You can, of course, steal minutes and hours throughout the day where you can get these smaller and often important to-dos’ completed. You call your mother as you drive to work. You finish a chunk of larger work earlier than expected (maybe because you focus on it and it alone!) and you then do a few smaller but important items from your to-do list before you start your next scheduled major item of work.
Distractions Trap No. 5: I Can Multi-Task
Trap: Another big trap … I can multi-task! I bet you can, but I wager when you measure the time taken to do three things at once, it will very often take longer to do than if you did one after the other in sequence and with more focus.

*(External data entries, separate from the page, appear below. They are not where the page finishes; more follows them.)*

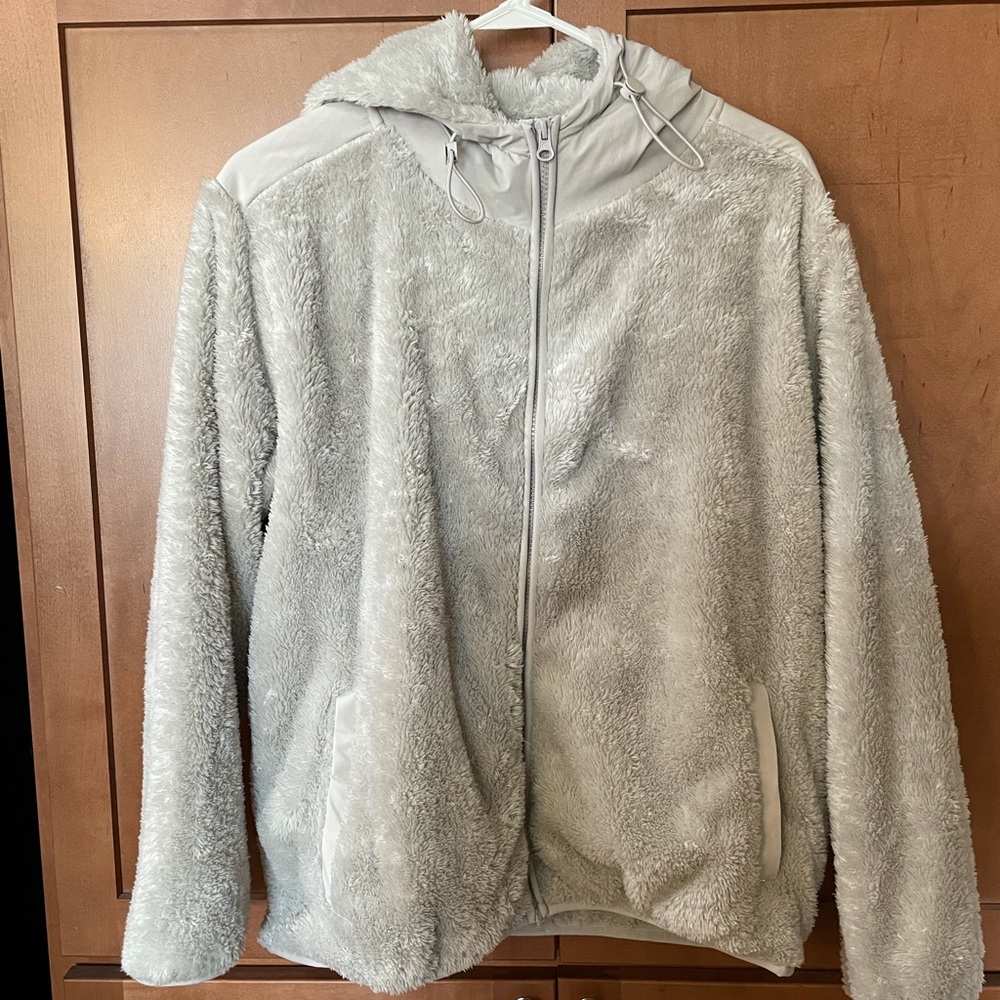 Zyia Zip up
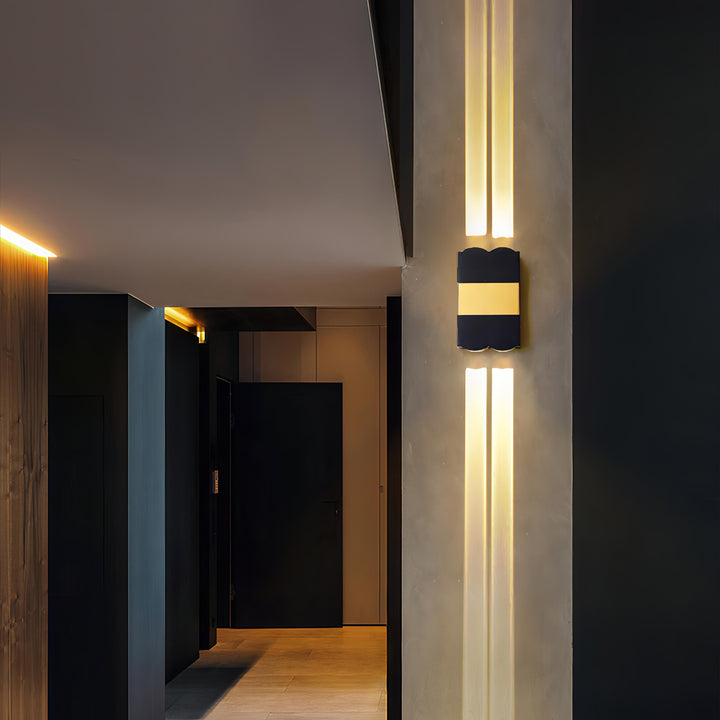 Vana - IP54 Waterproof Outdoor Wall Spotlight in Aluminum | Stornfield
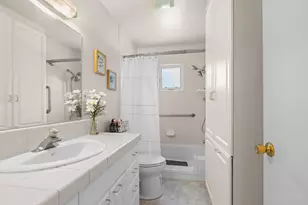 6545 Miles Ln, Carmichael, CA 95608 - Photo 17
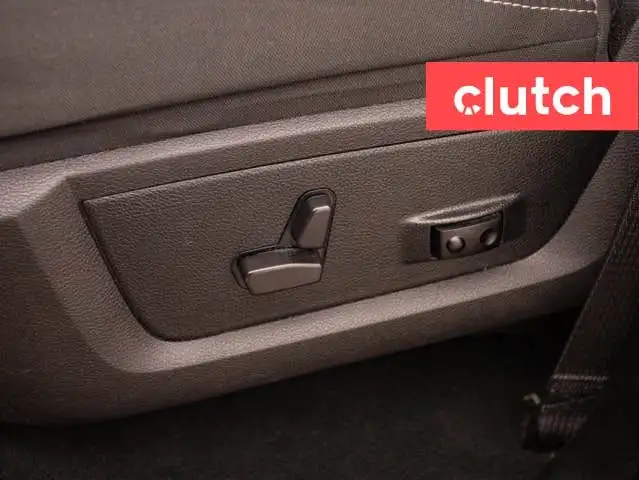 2021 Ram 1500 Classic Warlock Crew Cab 4x4 w/ Apple CarPlay & An in Cars & Trucks in City of Toronto - Image 16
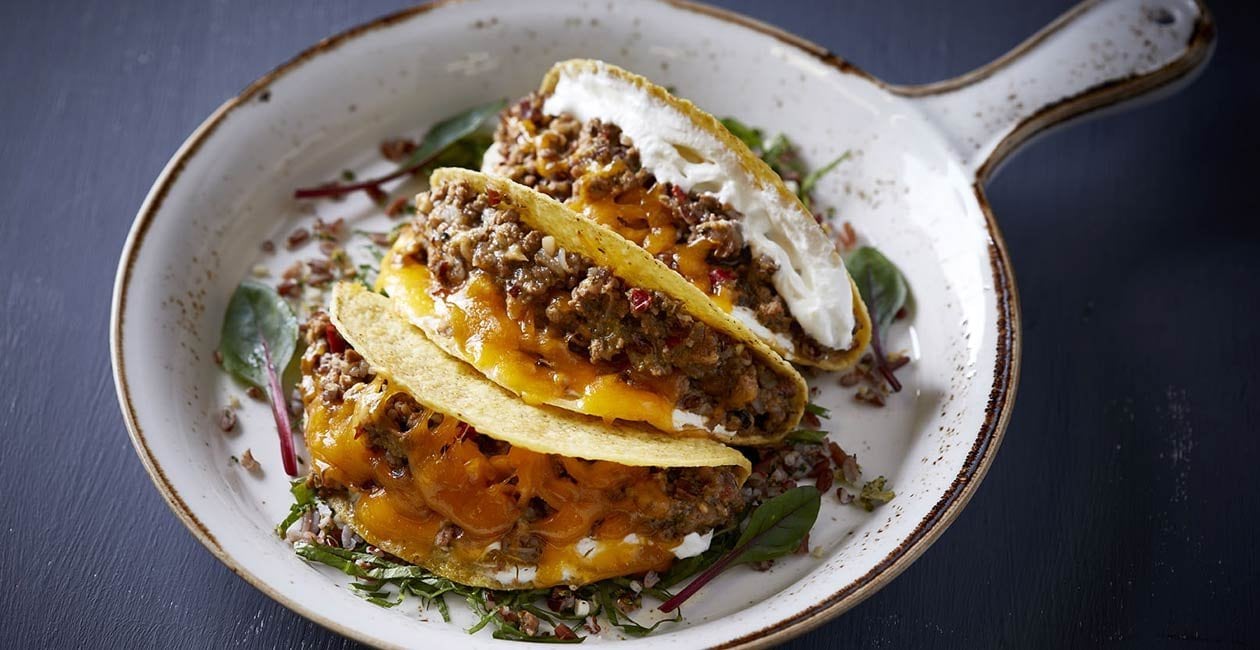 Τάκος με Chilli Con Carne και Κόκκινο Ρύζι με Αμύγδαλα και Μπρόκολο – - συνταγή Τάκος με Chilli Con Carne και Κόκκινο Ρύζι με Αμύγδαλα και Μπρόκολο – - συνταγή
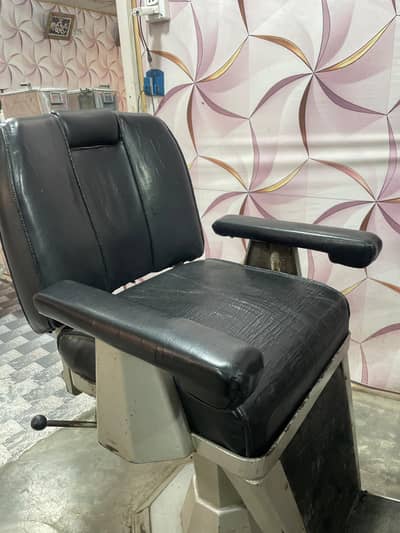 salon. chair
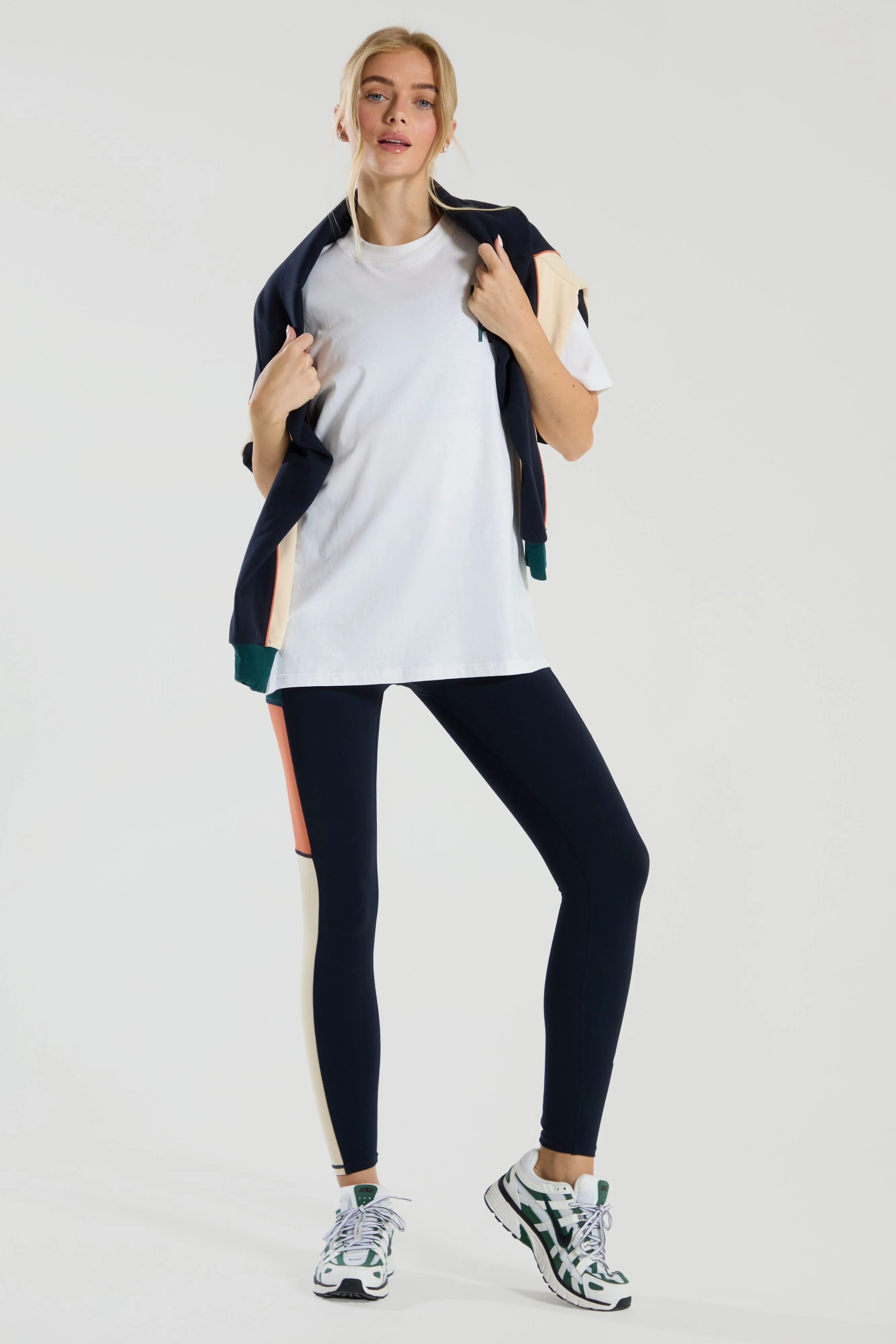 Oversized Tee - Elements - Image 4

Tip: Pick 30/60/90 even 15 minutes, if that is all it takes, and do one thing and do it really well and do not be stressing yourself trying to do five things at once if you do not have to. No harm to have the multi-tasking skill, but use it when you have to and not as a default, as this can be a real time trap.
Distractions Trap No. 6: Open Office Communication
Trap: BrightWork has a fabulous, wonderfully designed modern open office. This can become a trap when people come up and they think, ‘Oh it is so easy to get to Eamonn’, let me ask him this or that.
Tip: You want to encourage the communication and the collaboration, but you might say to these people, “Jack, I am looking forward to talking to you about this; let me finish what I am doing and I will come back to you later”. Nine times out of ten, this will be just fine. Every now and again it will be urgent for that person and of course, you will need to accommodate. Develop some protocol for working in the open office, so you do not get constantly distracted.
Distractions Trap No. 7: Your Personal Time Waster
Trap: Most of us do something that is a complete waste of time! Some of these are OK but some are not! Mine can be to surf through the TV channels looking for something better to watch! What is yours? Maybe it is spending time internet surfing that does not give you good energy? Take this example – if I were to spend 15 minutes of unproductive/unenjoyable time TV channel surfing every day, then by my calculations this is the equivalent of three years of my working life! Now that is a lot of time wasted!
Tip: Figure what your vice is. What wastes your time? What takes away your energy? Figure how many minutes it sucks from you each day and do the math! This calculation might help you stop or at least cut down!